The stack height is inline with most other manufacturers. Longer cranks would lower your seat. I personally like my bars 3+ inches below my seat, but I'm 6'4". My XL blur is 4.5inch below the seat and my XXL tallboy 3 is 3.5. The tallboy feels high, so I might have to find a flat bar for it as I'm already running a negative stem. It has an identical stack to your bike.
edit
I would try the higher rise bars with a longer stem. If you have a 50mm and put 30mm of spacers you will need a 70mm to keep the same reach. Try to get one with a lot of rise too.


----------



## Guyechka (Jul 19, 2005)

alexbn921 said:


> The stack height is inline with most other manufacturers. Longer cranks would lower your seat. I personally like my bars 3+ inches below my seat, but I'm 6'4". My XL blur is 4.5inch below the seat and my XXL tallboy 3 is 3.5. The tallboy feels high, so I might have to find a flat bar for it as I'm already running a negative stem. It has an identical stack to your bike.
> edit
> I would try the higher rise bars with a longer stem. If you have a 50mm and put 30mm of spacers you will need a 70mm to keep the same reach. Try to get one with a lot of rise too.


Your numbers are reassuring! After having this issue for so long, I think I have grown accustomed to the feel of my bars being lower. However, I have broken my back twice, and I wanted to keep from bending as much as I normally would.

I think I will have to deal with the 50mm bars and riser stem. The only other way to attack this would be to buy a new fork with uncut steerer tube and have 50 or 60mm of spacers under the stem. I'm not about to buy a new fork to replace one that has only ten miles on it.


----------



## TooTallUK (Jul 5, 2005)

You picked a bike with fairly low stack height, so that's what you got. Other bikes have higher stack and some have lower (but not much).

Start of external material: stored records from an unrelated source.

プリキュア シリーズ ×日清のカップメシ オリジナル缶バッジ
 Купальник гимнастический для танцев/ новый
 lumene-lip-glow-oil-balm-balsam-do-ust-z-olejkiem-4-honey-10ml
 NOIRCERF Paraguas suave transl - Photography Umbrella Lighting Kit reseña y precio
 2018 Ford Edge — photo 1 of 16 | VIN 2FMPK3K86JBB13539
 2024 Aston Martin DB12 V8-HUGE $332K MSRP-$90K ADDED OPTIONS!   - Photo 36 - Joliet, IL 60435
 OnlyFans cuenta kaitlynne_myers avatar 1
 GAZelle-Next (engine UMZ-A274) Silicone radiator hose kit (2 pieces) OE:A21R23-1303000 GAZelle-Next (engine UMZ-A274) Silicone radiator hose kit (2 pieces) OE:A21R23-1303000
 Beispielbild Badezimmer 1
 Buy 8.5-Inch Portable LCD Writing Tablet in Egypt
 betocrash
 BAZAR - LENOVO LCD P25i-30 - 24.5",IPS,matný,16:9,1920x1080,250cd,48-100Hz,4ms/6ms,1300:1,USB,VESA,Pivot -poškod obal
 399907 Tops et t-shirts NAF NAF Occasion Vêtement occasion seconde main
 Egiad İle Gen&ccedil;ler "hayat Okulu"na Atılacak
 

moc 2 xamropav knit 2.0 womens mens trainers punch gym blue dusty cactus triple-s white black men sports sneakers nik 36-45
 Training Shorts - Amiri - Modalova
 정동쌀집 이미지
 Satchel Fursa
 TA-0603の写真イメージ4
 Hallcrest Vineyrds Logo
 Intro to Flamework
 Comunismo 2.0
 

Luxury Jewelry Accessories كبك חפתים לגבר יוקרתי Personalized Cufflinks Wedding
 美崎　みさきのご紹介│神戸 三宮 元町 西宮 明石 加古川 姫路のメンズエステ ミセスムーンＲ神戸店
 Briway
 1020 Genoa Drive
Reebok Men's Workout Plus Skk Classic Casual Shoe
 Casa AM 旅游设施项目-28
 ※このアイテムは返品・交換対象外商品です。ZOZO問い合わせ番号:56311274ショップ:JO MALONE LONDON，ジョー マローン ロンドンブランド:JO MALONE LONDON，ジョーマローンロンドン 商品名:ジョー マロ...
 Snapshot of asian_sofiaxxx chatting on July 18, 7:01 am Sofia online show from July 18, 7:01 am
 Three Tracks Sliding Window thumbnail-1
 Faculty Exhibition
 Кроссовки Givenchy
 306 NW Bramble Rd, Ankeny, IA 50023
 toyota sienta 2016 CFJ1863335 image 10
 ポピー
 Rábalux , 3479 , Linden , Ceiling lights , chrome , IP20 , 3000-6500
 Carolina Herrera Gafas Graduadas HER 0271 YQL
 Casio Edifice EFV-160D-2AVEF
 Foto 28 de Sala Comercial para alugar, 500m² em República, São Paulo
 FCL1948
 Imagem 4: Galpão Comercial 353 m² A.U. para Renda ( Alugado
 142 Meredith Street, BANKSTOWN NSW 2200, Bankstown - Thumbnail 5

You've said yourself that you have multiple back injuries that must reduce your flexibility, so you are not who bike manufacturers are making bikes for. Much as I would like more stack on bikes, I accept that there isn't profit in me!
When we're at the extremes, for whatever reason, we need to make adaptions that others might not. If a higher riser bar and higher stem don't fix it for you (and they might screw the handling), then that might not be the bike for you.


----------



## watts888 (Oct 2, 2012)

I don't like it either, but I'm an anomaly who can't put a lot of weight on my arms due to an elbow injury. I like a higher handlebar, and I have uncut steer tubes on my fork. People make fun of the number of spacers I have, but I don't care. Steel steer tube only on my forks (rockshox recon silver and rigid steel forks). Only so much rise you can get with a 60mm stem too.


----------



## Ryder1 (Oct 12, 2006)

Guyechka said:


> So who else has this issue, and what have you done?


I have this issue because I'm very short waisted. I chose bikes with taller stack heights, then put riser bars and riser stems on them, with stem spacers. Currently ride a '11 Kona Unit 20" (40mm riser bar, 80x30 stem), L Pivot 429T (40mm riser bar, 80x10 stem), and a 56cm Spesh Roubaix (190mm headtube, lots of spacers).

Also, I try not to run any wider bar than necessary, as it makes you lean farther forward.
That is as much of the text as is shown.